Start with inbox foldering, which you already see in major ISPs’ mail clients, and from a number of third-party providers like OtherInbox (a Return Path
property) and Sanebox. More and more mail will be automatically sorted into folders in 2013. Consumers are embracing the idea because it declutters their inboxes and makes it easier to find messages
from senders they care about. Marketers that make that cut can relax and enjoy some uninterrupted time building real relationships with their subscribers. Those on the outside need to find a way to
break through. This might seem frustrating, especially to marketers that work hard to reach the inbox only to find their messages shunted into a folder that never gets opened. It may be a new hurdle
to clear, and even a new skill to develop, but marketers don’t have much choice -- and for those that get it right, the rewards easily justify the effort.
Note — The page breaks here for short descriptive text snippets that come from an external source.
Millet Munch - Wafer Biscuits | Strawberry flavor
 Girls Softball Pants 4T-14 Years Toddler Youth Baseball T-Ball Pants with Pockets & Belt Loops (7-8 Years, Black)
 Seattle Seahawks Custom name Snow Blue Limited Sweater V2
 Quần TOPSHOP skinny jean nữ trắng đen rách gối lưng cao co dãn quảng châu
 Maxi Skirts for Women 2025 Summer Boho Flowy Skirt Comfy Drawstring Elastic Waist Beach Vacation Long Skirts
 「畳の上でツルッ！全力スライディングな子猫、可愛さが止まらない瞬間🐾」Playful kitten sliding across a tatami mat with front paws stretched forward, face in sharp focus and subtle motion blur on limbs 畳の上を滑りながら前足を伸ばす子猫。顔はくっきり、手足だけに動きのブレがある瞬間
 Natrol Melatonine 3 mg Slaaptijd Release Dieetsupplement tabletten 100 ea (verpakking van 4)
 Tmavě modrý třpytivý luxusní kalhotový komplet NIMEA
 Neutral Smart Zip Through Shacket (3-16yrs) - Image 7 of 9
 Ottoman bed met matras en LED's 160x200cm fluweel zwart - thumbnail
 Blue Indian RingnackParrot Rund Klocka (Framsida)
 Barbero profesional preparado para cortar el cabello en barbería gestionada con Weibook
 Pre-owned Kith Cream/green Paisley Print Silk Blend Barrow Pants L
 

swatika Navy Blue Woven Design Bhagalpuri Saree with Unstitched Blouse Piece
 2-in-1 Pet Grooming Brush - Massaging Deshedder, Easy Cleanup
Like foldering, mobile email is
a former trend becoming the norm this year. Even as mobile opens surpassed desktop clients and webmail in 2012, marketers for the most part only begrudgingly accepted the rise of mobile rather than
embracing it. It’s easy to see why: Opening email on mobile takes away a lot of control over the customer experience. Mobile email changes when and how subscribers interact with messages, it
changes how likely they are to respond, and most important it changes the site experience for those that click. On a phone or even a tablet, some sites are just… crappy -- even to the point
where visitors can’t transact. Last year there were two ways to deal with mobile opens: find a way to create mobile user experiences that work, or find a way to get subscribers to open on
another platform. Now we’re down to one. This year marketers will shift from hoping messages aren’t opened on mobile devices to assuming that they will be.
Among the emerging
trends that popped up in 2012 and should be on marketers’ radar by the end of this year is inbox interactivity. I’ve named a handful of examples before, but collectively these may represent the biggest
near-future shift in the email ecosystem, and marketers should be excited about this one. Today the range of subscriber response that can take place within the inbox is generally limited, but
that’s changing fast. Soon it will become commonplace to comment on social media from within the email client, or to watch video, or to shop and transact. Subscribers won’t have to leave
the mailbox, and that’s good news for email marketers because it eliminates clicks/inertia/friction that suppress response. But it’s great news for ISPs, because users stay within their
environments, improving their monetization opportunities and deepening their customer relationships. That’s part of the reason this innovation is moving fast -- the needs of consumers, mailbox
providers, and marketers are perfectly aligned.
Another game-changing email experience shift will come from the increasingly intelligent, increasingly automated content engines that match
individual user behavior and device-specific data with relevant offers and communication. Companies like Sailthru and Moveable Ink are using what they learn about subscribers – what
they’ve responded to, where they are, what kind of devices they’re using – to create truly personalized email experiences. More traditional ESPs are talking about bringing more
automated, triggered messaging based on client behavior. This was always the promise of data-driven direct marketing, that one day list management and segmentation strategies would give way to
personal communication – segments of one. These technologies are already here, and they’re getting closer to fulfilling that promise. Together they’re poised to emerge as one of the
most important email marketing trends in 2013.